男が全員フツー以下!『空と海と蜃気楼と』に見る昼ドラ常連作家津雲むつみ作品のリアル
この作品含め、津雲作品をひと言で言い表すなら、「ドロドロ」です。それ故、どの作品も奪い合うように昼ドラ化されたわけですが、そこで気が付いたことがあります。
津雲作品に登場する男性は、みなフツー以下なんですよ。ものすごく現実的なんです。自分に甘いし、約束は破るし、浮気はするし。ホント夢のカケラもありません。
だからこそドロドロの展開になるんですよね。男が少女マンガのヒーローみたいに、女に一途で気が利いて頭がよかったら、女同士のゴタゴタとか起こらないんです。
ヒーローがその辺うまく処理しちゃいますから。主人公が襲われそうになったって、足首捕まれる前に助けてくれるに決まってます。
カッコイイ男子が出てこないのに、なにが津雲作品の魅力かって?そりゃ、男が一般のダメ男なのが、異様にリアルだからです。

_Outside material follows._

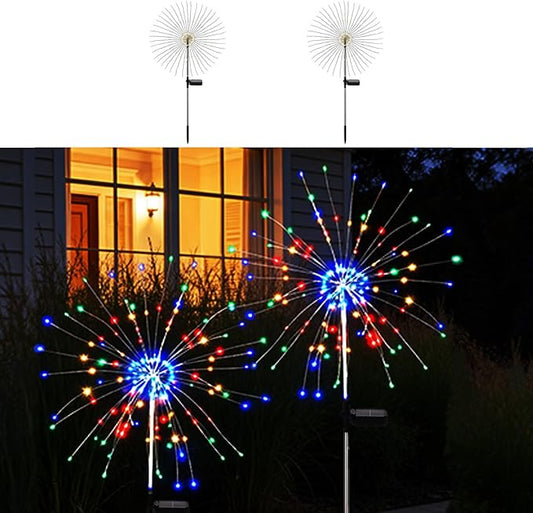 Solar Firework Lights for Outside, 8 Modes RGB Color Changing Fireworks Solar Fairy Light Outdoor for Garden Yard Patio Pathway Wedding Christmas Diwali Easter Party Decor Multicolor(2 Pack)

セクハラやレイプに近い「性に対する嫌悪感を起こす事件」って、女ならたいてい経験しているはずです。いかにも現実にありそう、こういう男いそうっていうヒリヒリした感じが、とても生々しいんです。
子ども時代から老いて死ぬまでを描くので、「女の業」をつくづく感じます。
「人生楽じゃない」と、しみじみ秋の夜長ってことで。